WORK TO COMPLETE – Write out, without any change, the lines in the material below that run from the line with "Магистратът обяви липса" through the line with "me hace triste", both included.
START INFORMATION
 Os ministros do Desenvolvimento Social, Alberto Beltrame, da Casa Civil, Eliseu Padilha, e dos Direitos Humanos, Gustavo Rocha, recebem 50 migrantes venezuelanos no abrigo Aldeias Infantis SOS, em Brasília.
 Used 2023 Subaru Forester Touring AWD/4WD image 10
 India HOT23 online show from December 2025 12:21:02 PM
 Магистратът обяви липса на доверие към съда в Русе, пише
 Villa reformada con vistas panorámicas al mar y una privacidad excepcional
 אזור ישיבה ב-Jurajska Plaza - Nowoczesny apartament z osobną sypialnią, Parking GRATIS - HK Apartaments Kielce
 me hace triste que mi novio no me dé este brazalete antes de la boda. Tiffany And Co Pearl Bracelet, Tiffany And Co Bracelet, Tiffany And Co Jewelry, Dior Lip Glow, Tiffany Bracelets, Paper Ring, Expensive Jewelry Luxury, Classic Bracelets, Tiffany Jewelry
END INFORMATION
START INFORMATION
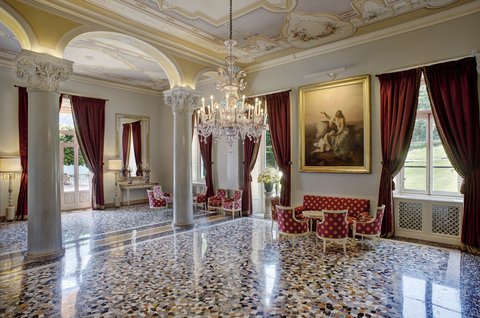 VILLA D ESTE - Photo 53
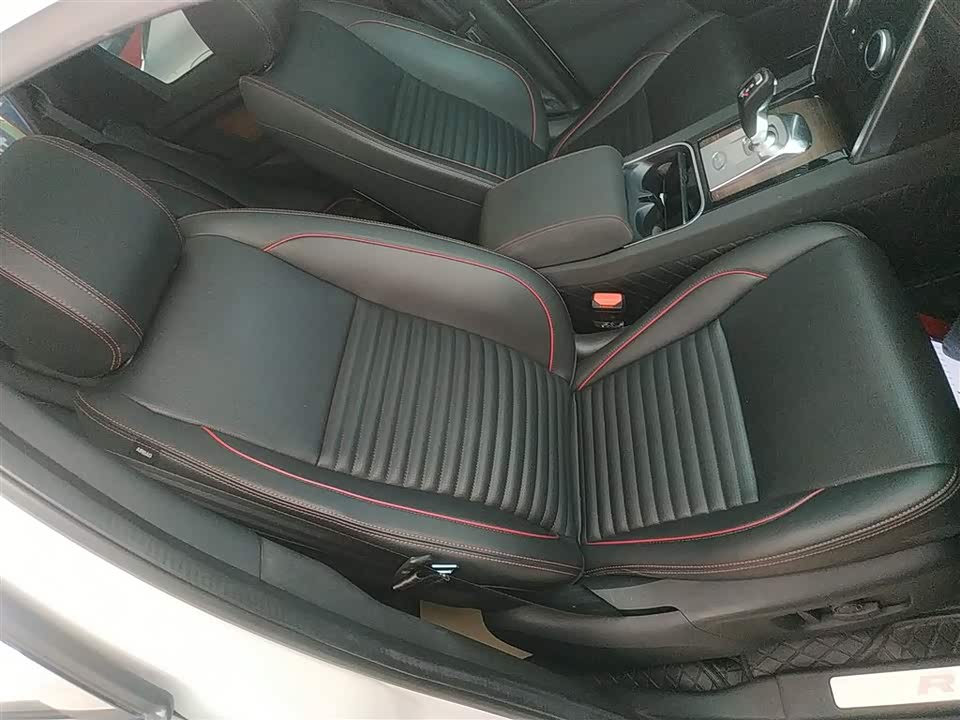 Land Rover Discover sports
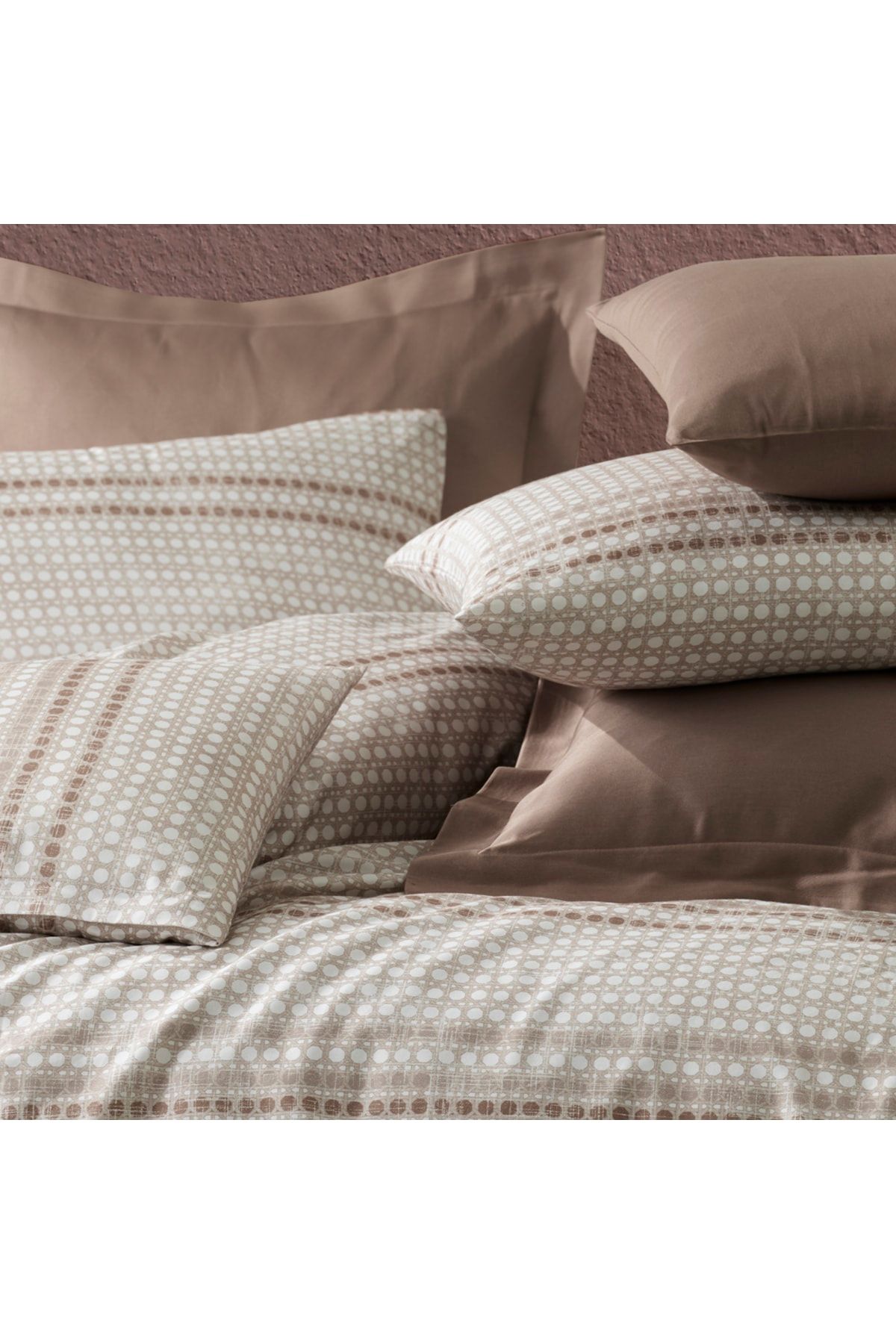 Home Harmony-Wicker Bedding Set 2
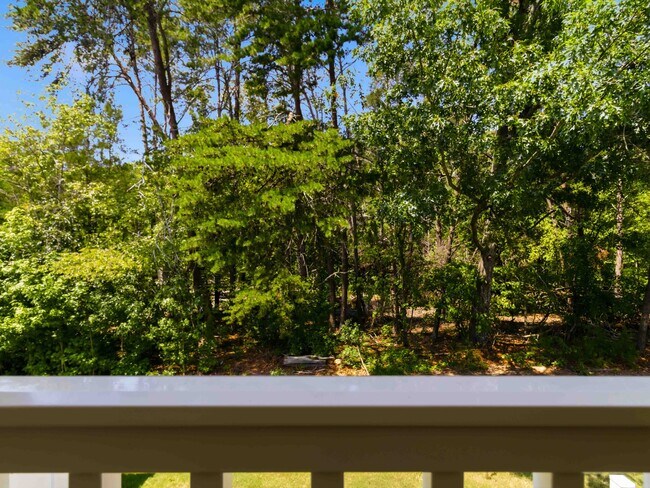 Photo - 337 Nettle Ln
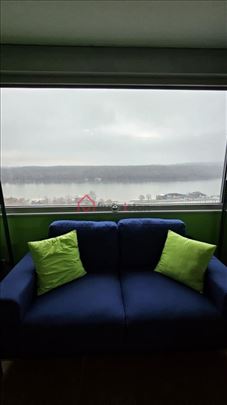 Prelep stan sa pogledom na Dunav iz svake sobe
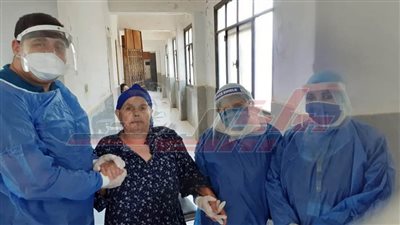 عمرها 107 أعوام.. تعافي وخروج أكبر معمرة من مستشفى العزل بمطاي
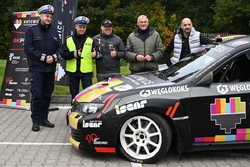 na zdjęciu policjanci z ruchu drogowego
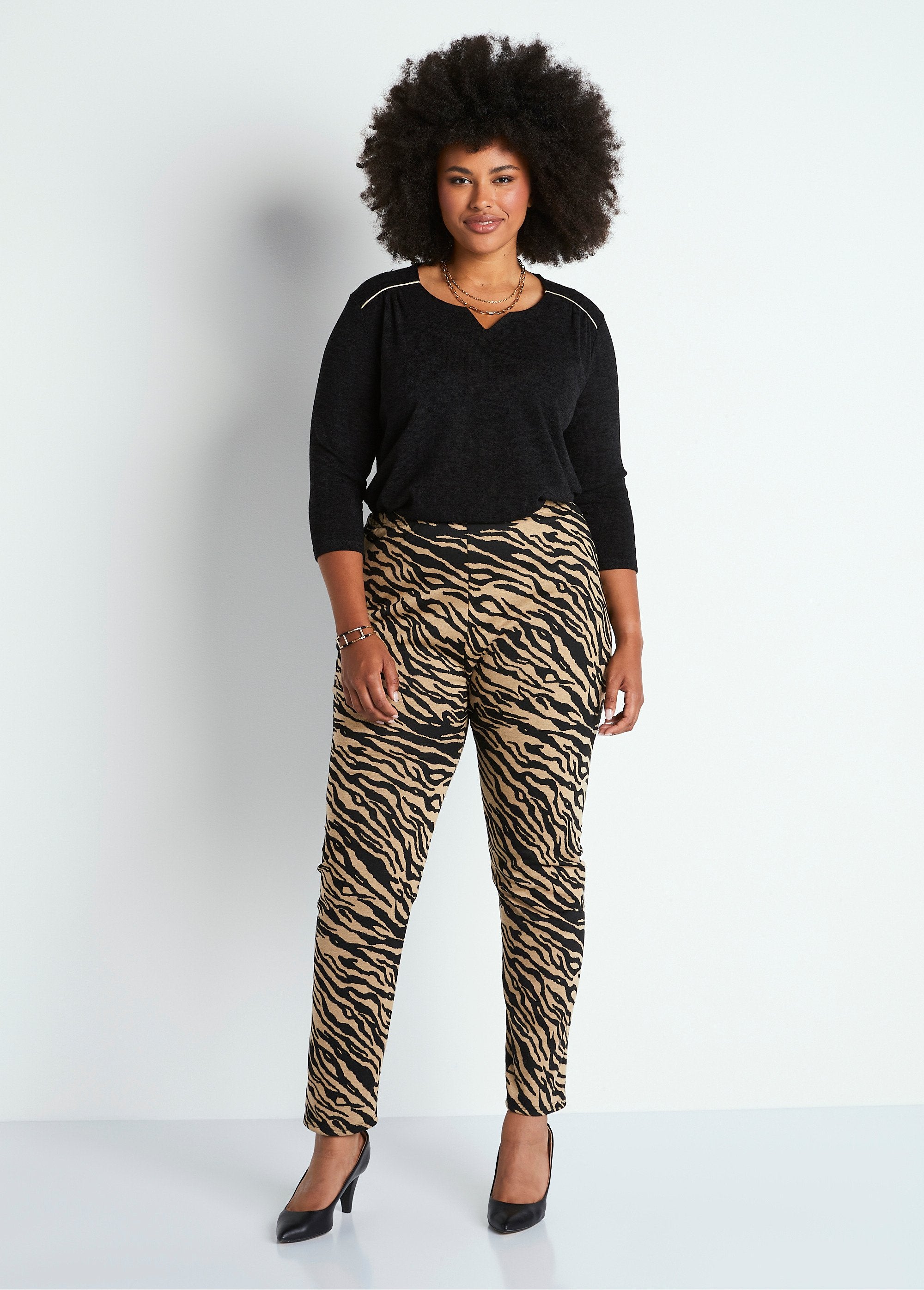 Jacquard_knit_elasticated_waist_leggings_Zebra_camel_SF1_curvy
END INFORMATION
START INFORMATION
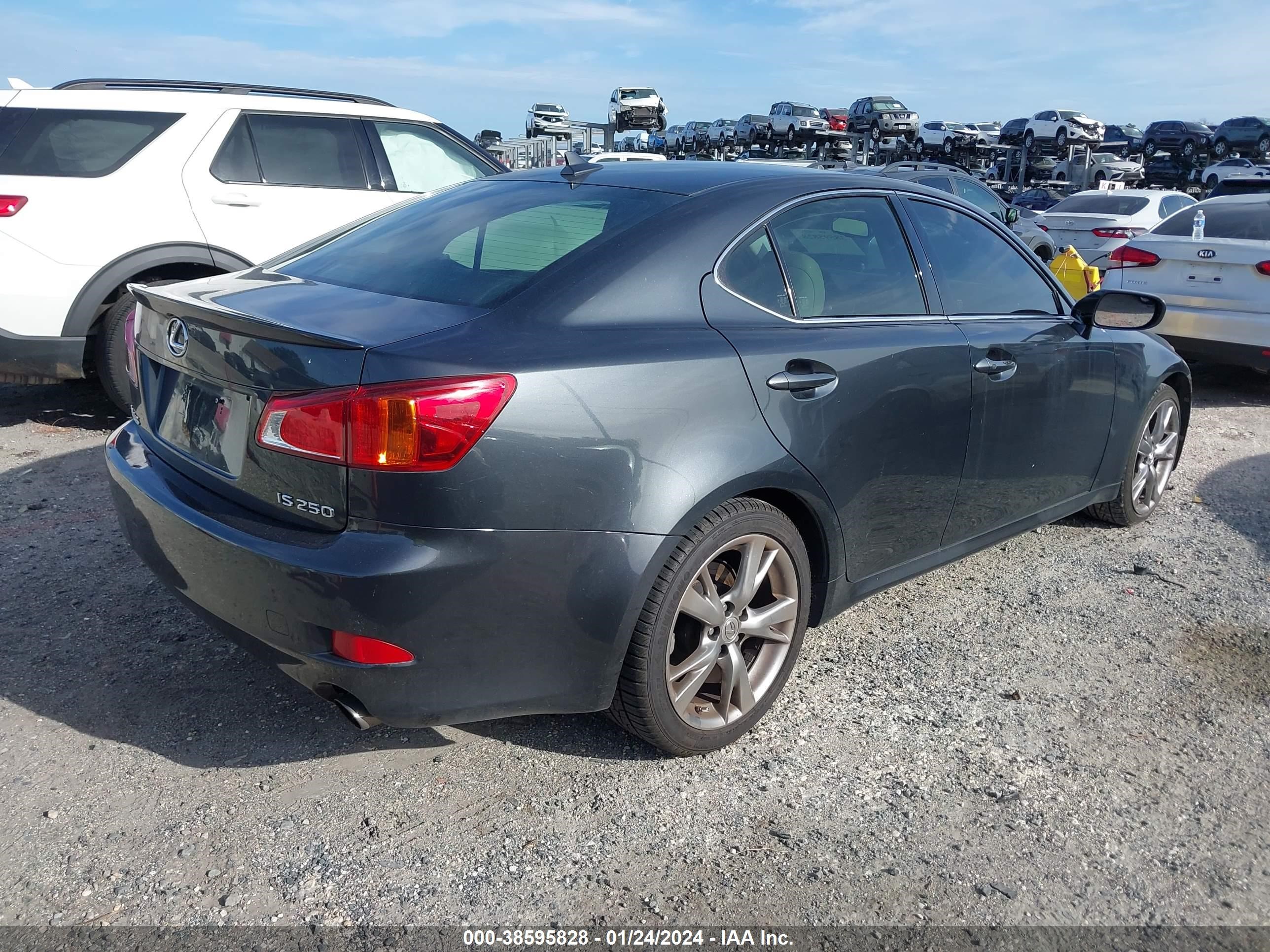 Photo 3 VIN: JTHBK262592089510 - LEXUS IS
END INFORMATION
OUTPUT OF THE EXERCISE –
 Магистратът обяви липса на доверие към съда в Русе, пише
 Villa reformada con vistas panorámicas al mar y una privacidad excepcional
 אזור ישיבה ב-Jurajska Plaza - Nowoczesny apartament z osobną sypialnią, Parking GRATIS - HK Apartaments Kielce
 me hace triste que mi novio no me dé este brazalete antes de la boda. Tiffany And Co Pearl Bracelet, Tiffany And Co Bracelet, Tiffany And Co Jewelry, Dior Lip Glow, Tiffany Bracelets, Paper Ring, Expensive Jewelry Luxury, Classic Bracelets, Tiffany Jewelry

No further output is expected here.